Undoubtedly, GenAI has and will continue to have a more profound impact on data science and lots of other aspects of our work than these two examples – also because it touches many more aspects of our life. However, not everything data will be AI, and AI will not replace data scientists, just like it will not replace programmers. It will take care of many of the more routine tasks and it will also continue to stimulate more creative aspects of our work, but it will not completely replace human intuition, domain knowledge, and experience.

So at KNIME, we will again not abandon all the other critical pieces of data work to focus exclusively on GenAI. Instead, we will ensure that data teams are supported by and can work with the latest and greatest GenAI technologies, so they can remove the mundane parts of data science creation and focus on what's really interesting. We'll also do our best to integrate GenAI into our software so that people can get started more easily and dive deeper into the fields of data science and data analytics. And, just like with big data and autoML, we will continue to make sure developments in the field are accessible from a KNIME workflow. Sometimes you will want to add GenAI to your workflow, sometimes you will want to wrap GenAI into a workflow to add some sanity checking for the data going in and coming out. And sometimes you will want to use GenAI to abstract your workflow and explain itself or its output to others. And I am sure we – and, more likely, our community – will come up with even more ways to augment data and data science using AI.
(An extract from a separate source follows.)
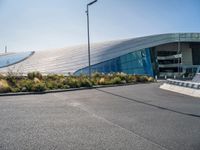 a man on a skateboard in front of an outdoor building that's on the pavement, as if it was the roof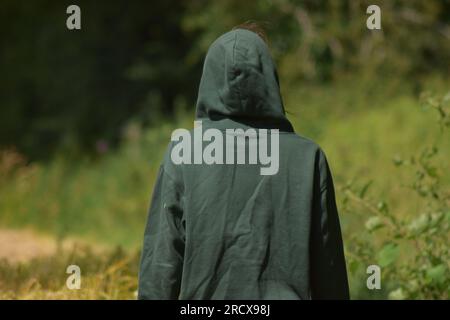 Bilder von Menschen in Kapuzenpullover, die durch Felder und unter einer schmalen Brücke laufen. Stockfoto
However, with that flexibility comes a fear: How can we make sure that a flexible use of GenAI is safe? Can we ensure only anonymized data is sent to someone else’s AI? Can we somehow guarantee that the output is not complete nonsense (or, worse, unethical, or plain illegal)? And can we make sure that use in your own organization is channeled to the most economic AIs so that consumption doesn’t go completely out of bounds?

The interesting thing is: None of this is truly new. Building models always had the risk of including confidential data or producing biased outputs. Governing data science processes is – or at least should have been – on people’s radars for years. But the risks have reached a new scale. Before, we worried about this when data science went into production. As long as our team explored new technologies, those risks were small. But now even a small, experimental data science workflow has the power to share extremely confidential information with a shady, third-party AI that promises cheaper yet even cooler responses.

It therefore helps that KNIME Hub was built from the beginning to help with the continuous, safe deployment of data science processes in mind. The mechanisms to validate and safeguard data science processes are already in place so it was easy for us to add controls around which GenAI is used when working with the Analytics Platform itself and which AI models can be accessed from within KNIME workflows.

It also helps that we have always focused on one unifying and very transparent way to work with and make sense of data. The visual workflow paradigm that underlies virtually every aspect of what we do allows documentation, auditing, and reproducibility every step of the way. And the modular Continuous Deployment of Data Science (CDDS) framework, which is also built using workflows, enables transparent validation of data and workflows to ensure no unwanted data leaks into models (or to the outside world) and outputs are sanity checked systematically. This stringent approach extends naturally to GenAI. In the end, we can ensure that no confidential data is sent to an AI model on the outside or is used for training. Incidentally, these processes that sanity check the responses from an AI model also bear a lot of similarities with those that safeguard classic data science processes. 

In our view, GenAI will not make data scientists run out of work. It will also not make their lives easier. But it will make it more fun! It will eliminate the mundane, boring tasks to allow data scientists to focus on the truly interesting, usually complex activities that truly make sense of data. That will continue to be not easy but we aim to make it as intuitive as possible so the human brain can find even more interesting stuff in data.